Assignment – Some of the lines below need repeating. Reproduce exactly those between the lines holding "Es ist ein Girl" and "Dynamic Evolve Plus", inclusive.

Records for the exercise –
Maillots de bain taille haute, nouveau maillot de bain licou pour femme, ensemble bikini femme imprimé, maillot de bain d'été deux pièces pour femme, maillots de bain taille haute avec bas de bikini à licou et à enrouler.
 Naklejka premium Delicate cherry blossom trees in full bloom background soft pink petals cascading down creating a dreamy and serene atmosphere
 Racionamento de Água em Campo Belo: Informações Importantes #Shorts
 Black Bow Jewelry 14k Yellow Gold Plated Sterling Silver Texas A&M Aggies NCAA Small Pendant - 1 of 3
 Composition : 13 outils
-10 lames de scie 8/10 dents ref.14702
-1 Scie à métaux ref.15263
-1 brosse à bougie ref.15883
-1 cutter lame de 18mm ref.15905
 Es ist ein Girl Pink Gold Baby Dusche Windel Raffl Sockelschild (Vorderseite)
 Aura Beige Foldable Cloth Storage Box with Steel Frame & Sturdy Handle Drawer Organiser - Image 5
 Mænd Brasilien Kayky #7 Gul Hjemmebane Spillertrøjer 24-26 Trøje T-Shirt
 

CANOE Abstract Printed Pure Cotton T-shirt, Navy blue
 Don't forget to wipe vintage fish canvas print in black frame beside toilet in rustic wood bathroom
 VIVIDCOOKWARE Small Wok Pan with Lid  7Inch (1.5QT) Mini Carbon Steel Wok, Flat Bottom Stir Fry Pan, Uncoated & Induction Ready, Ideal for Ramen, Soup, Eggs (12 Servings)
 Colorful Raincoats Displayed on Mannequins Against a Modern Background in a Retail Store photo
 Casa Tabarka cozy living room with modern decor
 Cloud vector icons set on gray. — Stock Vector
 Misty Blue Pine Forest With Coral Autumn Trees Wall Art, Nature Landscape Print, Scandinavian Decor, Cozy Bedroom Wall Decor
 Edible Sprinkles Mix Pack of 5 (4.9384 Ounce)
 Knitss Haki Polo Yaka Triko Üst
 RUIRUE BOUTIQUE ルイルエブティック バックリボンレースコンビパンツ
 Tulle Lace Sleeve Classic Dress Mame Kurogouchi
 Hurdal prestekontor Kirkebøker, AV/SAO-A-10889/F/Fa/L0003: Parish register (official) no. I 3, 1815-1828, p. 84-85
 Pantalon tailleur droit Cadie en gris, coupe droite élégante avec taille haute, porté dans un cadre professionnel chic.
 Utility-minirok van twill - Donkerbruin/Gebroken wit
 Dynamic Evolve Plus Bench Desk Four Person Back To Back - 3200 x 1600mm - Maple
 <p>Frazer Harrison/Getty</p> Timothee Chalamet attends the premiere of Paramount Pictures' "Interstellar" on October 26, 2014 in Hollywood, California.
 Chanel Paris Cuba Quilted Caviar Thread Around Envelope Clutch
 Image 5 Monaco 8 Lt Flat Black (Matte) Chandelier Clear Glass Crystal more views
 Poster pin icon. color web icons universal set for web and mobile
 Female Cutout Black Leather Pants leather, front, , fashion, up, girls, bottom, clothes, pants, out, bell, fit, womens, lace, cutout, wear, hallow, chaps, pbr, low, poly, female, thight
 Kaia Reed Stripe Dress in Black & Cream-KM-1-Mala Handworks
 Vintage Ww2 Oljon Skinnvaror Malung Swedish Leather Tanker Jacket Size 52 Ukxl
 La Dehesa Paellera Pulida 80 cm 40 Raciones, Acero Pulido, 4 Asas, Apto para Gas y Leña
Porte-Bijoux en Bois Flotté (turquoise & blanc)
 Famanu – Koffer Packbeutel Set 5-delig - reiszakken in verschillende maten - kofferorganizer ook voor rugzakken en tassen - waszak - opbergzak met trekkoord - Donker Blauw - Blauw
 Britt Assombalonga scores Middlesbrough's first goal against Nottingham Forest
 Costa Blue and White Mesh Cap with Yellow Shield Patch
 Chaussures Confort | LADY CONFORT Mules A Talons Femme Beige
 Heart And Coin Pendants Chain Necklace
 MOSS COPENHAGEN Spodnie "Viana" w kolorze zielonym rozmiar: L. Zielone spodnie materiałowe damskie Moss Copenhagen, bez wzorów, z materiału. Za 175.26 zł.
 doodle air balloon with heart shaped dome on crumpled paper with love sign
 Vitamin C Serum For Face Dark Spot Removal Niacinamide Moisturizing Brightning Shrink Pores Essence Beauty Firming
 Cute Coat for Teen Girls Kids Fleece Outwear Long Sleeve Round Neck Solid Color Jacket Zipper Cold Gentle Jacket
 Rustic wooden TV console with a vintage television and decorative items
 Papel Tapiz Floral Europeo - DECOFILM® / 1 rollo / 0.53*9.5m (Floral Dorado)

Result of this exercise –
 Es ist ein Girl Pink Gold Baby Dusche Windel Raffl Sockelschild (Vorderseite)
 Aura Beige Foldable Cloth Storage Box with Steel Frame & Sturdy Handle Drawer Organiser - Image 5
 Mænd Brasilien Kayky #7 Gul Hjemmebane Spillertrøjer 24-26 Trøje T-Shirt
 

CANOE Abstract Printed Pure Cotton T-shirt, Navy blue
 Don't forget to wipe vintage fish canvas print in black frame beside toilet in rustic wood bathroom
 VIVIDCOOKWARE Small Wok Pan with Lid  7Inch (1.5QT) Mini Carbon Steel Wok, Flat Bottom Stir Fry Pan, Uncoated & Induction Ready, Ideal for Ramen, Soup, Eggs (12 Servings)
 Colorful Raincoats Displayed on Mannequins Against a Modern Background in a Retail Store photo
 Casa Tabarka cozy living room with modern decor
 Cloud vector icons set on gray. — Stock Vector
 Misty Blue Pine Forest With Coral Autumn Trees Wall Art, Nature Landscape Print, Scandinavian Decor, Cozy Bedroom Wall Decor
 Edible Sprinkles Mix Pack of 5 (4.9384 Ounce)
 Knitss Haki Polo Yaka Triko Üst
 RUIRUE BOUTIQUE ルイルエブティック バックリボンレースコンビパンツ
 Tulle Lace Sleeve Classic Dress Mame Kurogouchi
 Hurdal prestekontor Kirkebøker, AV/SAO-A-10889/F/Fa/L0003: Parish register (official) no. I 3, 1815-1828, p. 84-85
 Pantalon tailleur droit Cadie en gris, coupe droite élégante avec taille haute, porté dans un cadre professionnel chic.
 Utility-minirok van twill - Donkerbruin/Gebroken wit
 Dynamic Evolve Plus Bench Desk Four Person Back To Back - 3200 x 1600mm - Maple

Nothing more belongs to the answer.